The code review and testing history is usually not useful information once a commit has been merged. For example, if there was a continuous integration (CI) test failure and a pull request needed to be changed, then the change should be made directly to the buggy commit so that the final commit passes the tests. No one needs to know about the code review or testing history once the code is merged and keeping these artifacts makes the commit history unwieldy by spreading a logical code change across multiple incomplete commits.

Saving work

There are valid reasons to temporarily save your work in a commit, but work-in-progress (WIP) commits should be cleaned up before merging them. For example, sometimes people make arbitrary commits to save work at the end of the day. That is fine in a local branch, but those temporary commits can be restructured into clean commits using git-rebase(1). No one else needs to know about temporary commits.

Broken commits

It can be easy to accidentally include a commit that does not build or fails tests if a later commit happens to resolve the issue. Since the later commit hides the issue it may not be apparent when testing the branch. When reordering commits the risk of introducing broken commits increases because those commits were originally written in a different order. I use the git-rebase(1) exec action to build and run tests after every commit to detect broken commits when doing extensive rebases.
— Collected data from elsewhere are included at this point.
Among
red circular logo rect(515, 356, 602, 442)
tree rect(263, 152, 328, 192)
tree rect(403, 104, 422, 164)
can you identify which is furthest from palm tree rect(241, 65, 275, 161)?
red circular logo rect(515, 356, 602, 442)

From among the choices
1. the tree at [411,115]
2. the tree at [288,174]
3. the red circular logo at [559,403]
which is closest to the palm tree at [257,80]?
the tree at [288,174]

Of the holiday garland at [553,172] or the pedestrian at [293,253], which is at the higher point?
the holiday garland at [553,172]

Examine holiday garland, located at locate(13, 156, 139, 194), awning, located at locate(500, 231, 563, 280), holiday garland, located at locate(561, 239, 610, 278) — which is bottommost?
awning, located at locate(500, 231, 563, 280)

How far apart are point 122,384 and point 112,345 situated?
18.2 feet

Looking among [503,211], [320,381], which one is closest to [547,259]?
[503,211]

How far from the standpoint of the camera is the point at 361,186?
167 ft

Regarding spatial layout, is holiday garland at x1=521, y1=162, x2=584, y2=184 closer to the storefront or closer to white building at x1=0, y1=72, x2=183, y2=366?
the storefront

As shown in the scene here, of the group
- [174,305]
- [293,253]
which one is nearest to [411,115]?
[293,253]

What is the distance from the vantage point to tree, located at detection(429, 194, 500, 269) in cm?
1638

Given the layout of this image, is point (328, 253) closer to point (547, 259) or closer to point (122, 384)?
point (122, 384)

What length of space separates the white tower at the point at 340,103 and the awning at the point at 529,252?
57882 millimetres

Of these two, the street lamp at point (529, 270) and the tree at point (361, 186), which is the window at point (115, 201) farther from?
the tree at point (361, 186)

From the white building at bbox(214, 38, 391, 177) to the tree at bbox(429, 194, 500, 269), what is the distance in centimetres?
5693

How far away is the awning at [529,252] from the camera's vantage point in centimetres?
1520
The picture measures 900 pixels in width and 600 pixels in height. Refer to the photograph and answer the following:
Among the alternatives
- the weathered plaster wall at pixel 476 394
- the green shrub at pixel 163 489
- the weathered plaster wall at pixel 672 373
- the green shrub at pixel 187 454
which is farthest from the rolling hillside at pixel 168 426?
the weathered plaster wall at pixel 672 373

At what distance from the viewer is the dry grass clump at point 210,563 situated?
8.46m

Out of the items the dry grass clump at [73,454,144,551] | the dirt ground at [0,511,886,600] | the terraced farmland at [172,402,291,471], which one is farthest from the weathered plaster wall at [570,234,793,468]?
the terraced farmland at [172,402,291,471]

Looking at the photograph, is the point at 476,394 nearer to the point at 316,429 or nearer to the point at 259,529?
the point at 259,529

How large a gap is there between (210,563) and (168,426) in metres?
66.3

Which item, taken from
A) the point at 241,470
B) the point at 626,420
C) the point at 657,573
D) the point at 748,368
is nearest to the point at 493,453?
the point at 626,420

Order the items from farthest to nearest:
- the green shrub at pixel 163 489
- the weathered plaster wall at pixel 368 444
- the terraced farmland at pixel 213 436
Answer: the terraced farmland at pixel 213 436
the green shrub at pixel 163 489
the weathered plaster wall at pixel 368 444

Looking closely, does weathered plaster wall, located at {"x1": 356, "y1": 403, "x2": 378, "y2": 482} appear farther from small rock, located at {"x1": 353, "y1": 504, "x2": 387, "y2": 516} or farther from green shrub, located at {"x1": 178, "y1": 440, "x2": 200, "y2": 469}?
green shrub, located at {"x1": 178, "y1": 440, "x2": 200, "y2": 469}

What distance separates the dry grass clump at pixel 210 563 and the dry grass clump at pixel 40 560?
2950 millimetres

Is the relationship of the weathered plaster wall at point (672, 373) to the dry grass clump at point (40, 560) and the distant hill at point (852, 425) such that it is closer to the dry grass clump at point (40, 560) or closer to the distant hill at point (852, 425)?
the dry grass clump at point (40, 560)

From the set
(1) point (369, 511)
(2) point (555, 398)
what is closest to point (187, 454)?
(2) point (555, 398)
Why clean commit history is important

Not all reasons for maintaining a clean commit history are obvious. Unfortunately all the above anti-patterns make commit history less useful so it's interesting to note that if you value any of the following reasons for keeping a clean commit history, then all anti-patterns need to be avoided.

Code review

Reviewers have an easier time reading clean commits than an unstructured series of commits. For example, if there is a broken commit because a function is used before it is defined in a later commit, then that affects code reviewers who read the commits linearly. They will be puzzled by the non-existent function and unable to decide whether it is being used correctly because it has not been defined yet. Although code reviewers could put in extra effort to reread the commits multiple times and try to remember the misordered changes, it's better to let code reviewers spend time on real issues rather than on untangling poorly structured commits.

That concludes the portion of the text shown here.